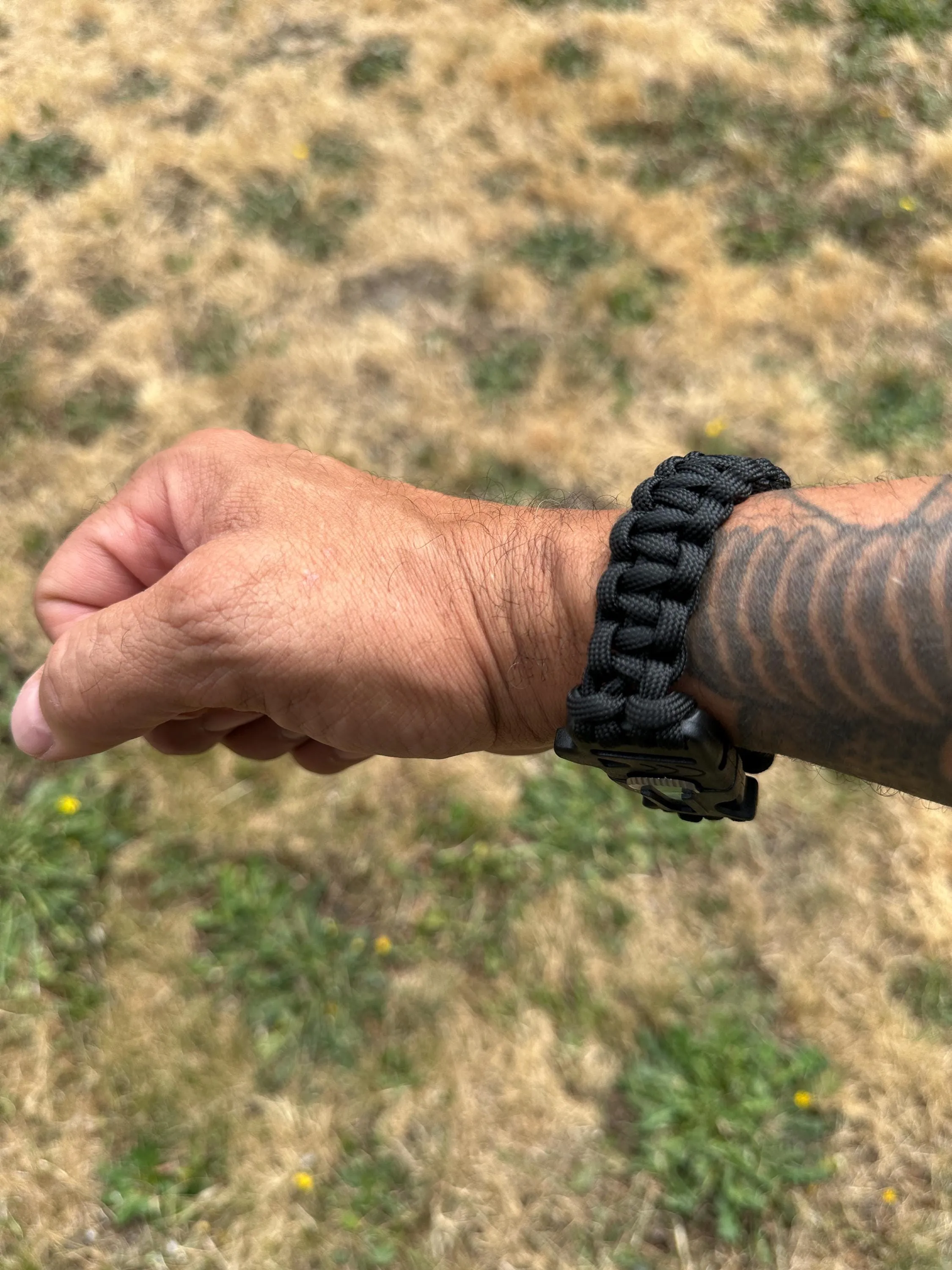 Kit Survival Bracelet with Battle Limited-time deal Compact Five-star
==
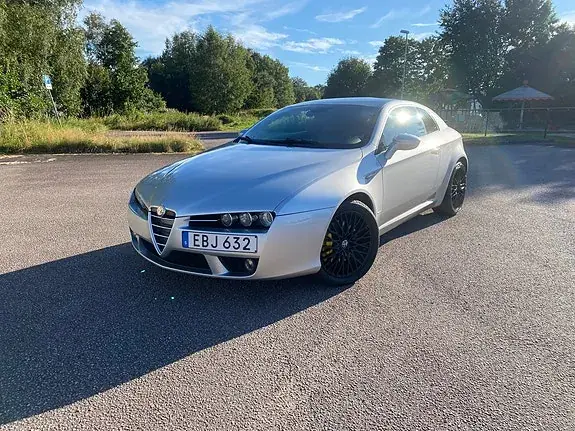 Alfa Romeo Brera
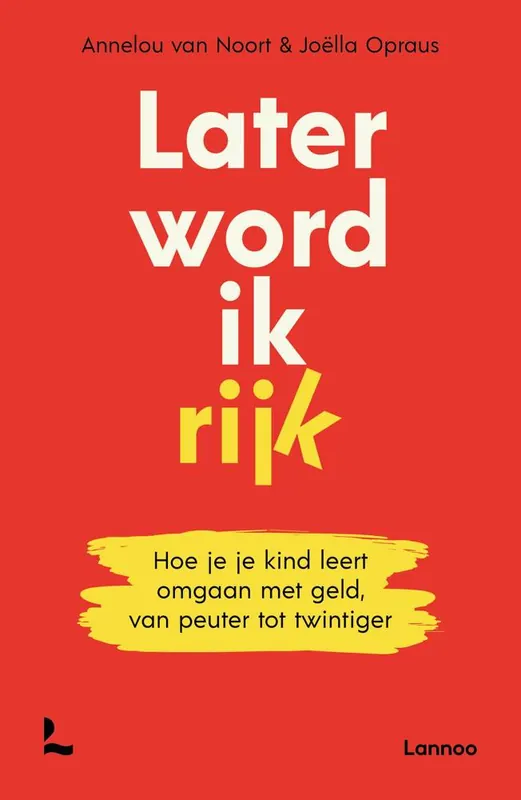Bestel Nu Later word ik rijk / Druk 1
* * *
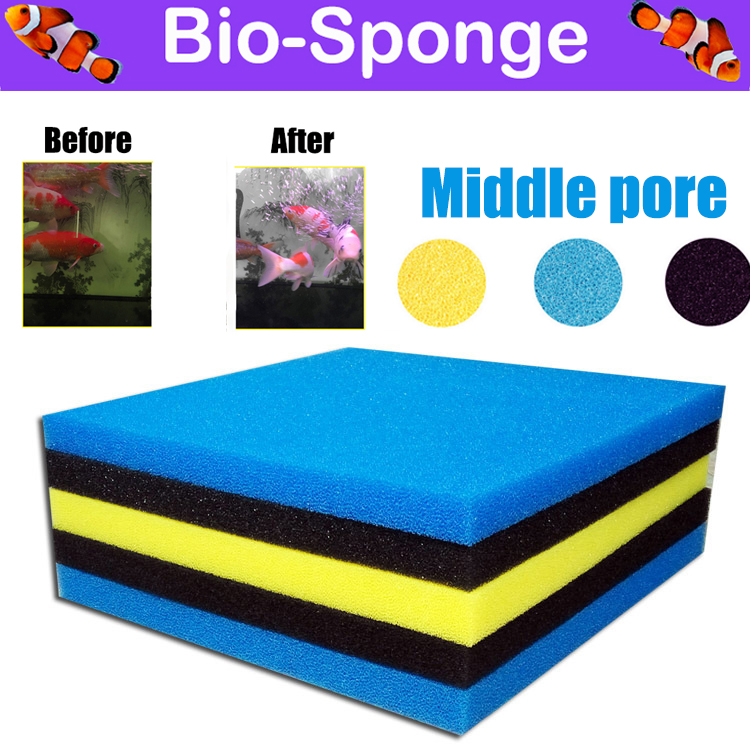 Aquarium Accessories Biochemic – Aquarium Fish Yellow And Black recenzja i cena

Task statement
Write out exactly the lines above between the one with "Alfa Romeo Brera" and the one with "Bestel Nu Later word ik rijk / Druk 1", inclusive, with pictures left out.

Response
 Alfa Romeo Brera
Bestel Nu Later word ik rijk / Druk 1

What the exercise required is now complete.